Müde

Wer heute müde wird, der hat dagegen Mittel:
– die Alten die Kraft der zwei Herzen,
– die Mittleren ein Fitness-Wochenende, aktiv und belebend mit Sauna, Stretching und was weiß ich noch,
– die Jungen, die zwanzig Stunde tanzen sollen schieben sich Spezial Drinks und ab und an auch mal eine kleine Pille ein.
Müde, kraftlos sein? Das ist out, und wer sich hängen lässt, ist krank: Kopf hoch, frisch gelächelt, es wird schon gehen! Klaps auf die Schulter: „Sieh‘ mich an, (sagt der dynamische Mittdreißiger), 60 Stundenwoche, Frau, zwei Kinder, ein neuer Wagen, gehst du mal mit squaschen?“
Die Welt gehört den Nimmermüden. Nur wie lange? Die Kehrseite der Medaille, darüber hört man weniger:
– der junge Fernsehtechniker, Stürmer in der heimischen Fußballmannschaft, begnadet auch im Umgang mit dem Bierglas, tausend Frauen, wenn er möchte: und dann ein Hirnschlag mit 32 Jahren;
– die Frau von 35 Jahren mit zwei Kindern, einem stressigen Halbtagsjob und einem Ehemann, der im Haushalt keinen Finger krümmt: die kann gar nicht so viel schlafen, wie sie müde ist.

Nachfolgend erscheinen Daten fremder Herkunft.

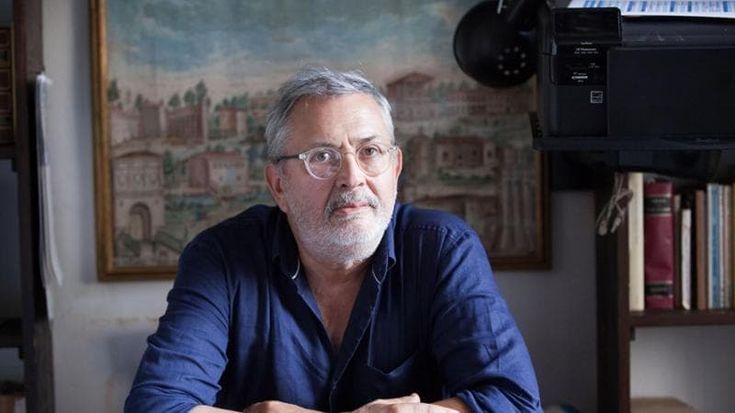 Le Vie dei tesori incontrano Costa con “Le bugie degli arcangeli”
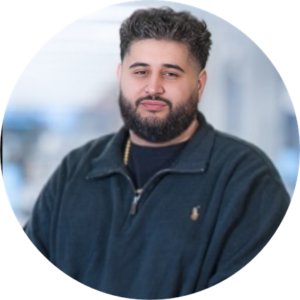 Mike Kounini, MortgagePros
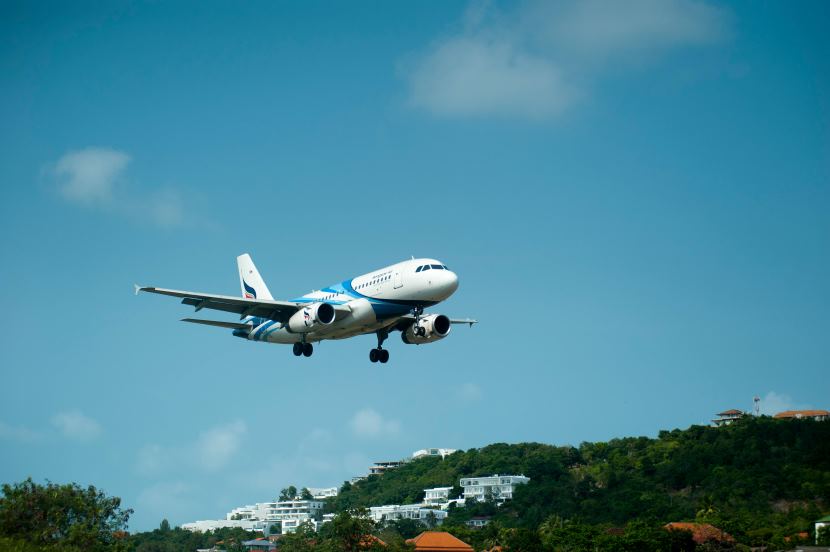 A new frontier opened: advanced air mobility set to revolutionize travel and innovation in goa by 2029.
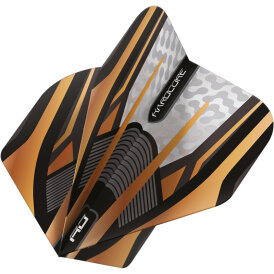 Red Dragon Flights Hardcore Premium Red Dragon Logo Dart...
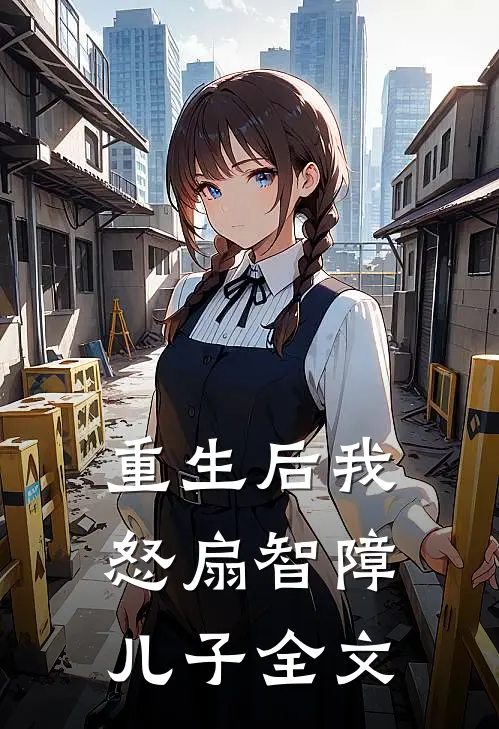 重生后我怒扇智障儿子全文在线阅读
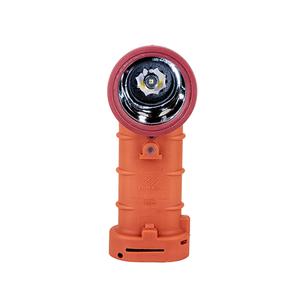 FoxFury 380-BT2P-OR Breakthrough BT2 Plus Hybrid Right Angle Light Orange Popular Cheap Online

Es ist befreiend, sich zu sagen: „Du darfst müde sein. Ruh dich aus. Du bist nicht krank, im Kopf oder Körper, noch nicht, du bist müde. Du kannst jetzt nichts. Du bist jetzt kraftlos. Das hat Gründe. Denn – warte eine Weile, und Kräfte wachsen wieder nach wie bei einem Strauch, den man zurückgeschnitten hat.“
Paradoxe Erfahrung: in der nachlassenden eigenen Kraft, auch da ist die Kraft Gottes mit einem. Gott gibt dem Müden Kraft, und Stärke genug dem Unvermögenden.
So heißt es in der Bibel beim Propheten Jesaja.